The programme of the visit was packed, including a meeting with the Roma community, a sign of the Pope’s attention to this reality…
A. – It seems to me that this meeting is in continuity with the meeting that the Pope had two years ago in Romania with the Roma community, where he expressed from the depths of his heart all the pain for the suffering that this community had been subjected to, that this community had had to endure over time. This strong participation of the Pope’s in the pain of the people, is therefore also the request for forgiveness for how much responsibility we – the Church or men of the Church may have had – in this situation. At the same time it also becomes, on the one hand, attention to this population, therefore respect, but also appreciation for the values that they express – and there are many: from the value of the family to the value of solidarity, hospitality, care for the elderly and so on – and on the other hand, the effort that is being made to integrate them fully into society.
The Pope will preside over Mass at the National Shrine of Šaštin on the feast day of Our Lady of Seven Sorrows, Patroness of Slovakia. This is a stop that the Pope did not want to miss …
A. – Certainly, and in a certain sense, he extended his trip to participate in this popular feast of great devotion to the Patroness of Slovakia. I believe that on the one hand this is an indication of the great consideration that the Pope has always given to popular religiosity, to popular piety, but above all to devotion to Our Lady, which he has experienced directly in Latin America, in Argentina, in all the countries of that continent, but which is also strongly rooted in Europe.
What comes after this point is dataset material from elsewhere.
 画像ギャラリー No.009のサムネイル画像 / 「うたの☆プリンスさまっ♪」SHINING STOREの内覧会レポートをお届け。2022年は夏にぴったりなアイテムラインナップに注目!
This Shrine of Šaštin is an example of how important devotion to Our Lady is for the life of faith of a people, of a community. At the same time, I would also like to underline the fact that this pilgrimage is taking place after the Pope’s surgery, so in a certain sense it is also a way of thanking Our Lady, certainly, for the success of this operation, but also to entrust to Her all those who find themselves in situations of fragility, of vulnerability, of suffering, including physical suffering, as he has been going through in this period, especially taking into account the situation, the contingency of the pandemic which is still, unfortunately, causing pain in many countries.
Your Eminence, in what spirit is the Pope leaving?
A. – He said it himself, last Sunday, after his Angelus on 5 September. He said: “Desire …”, so there is a great desire to meet these faithful, to meet these Churches, taking into account that apostolic trips have been thinned out because of Covid. The Pope feels the need, precisely, intensely to resume this form of exercise of his Petrine ministry and this possibility of contact with the people that characterizes his style and his way of being.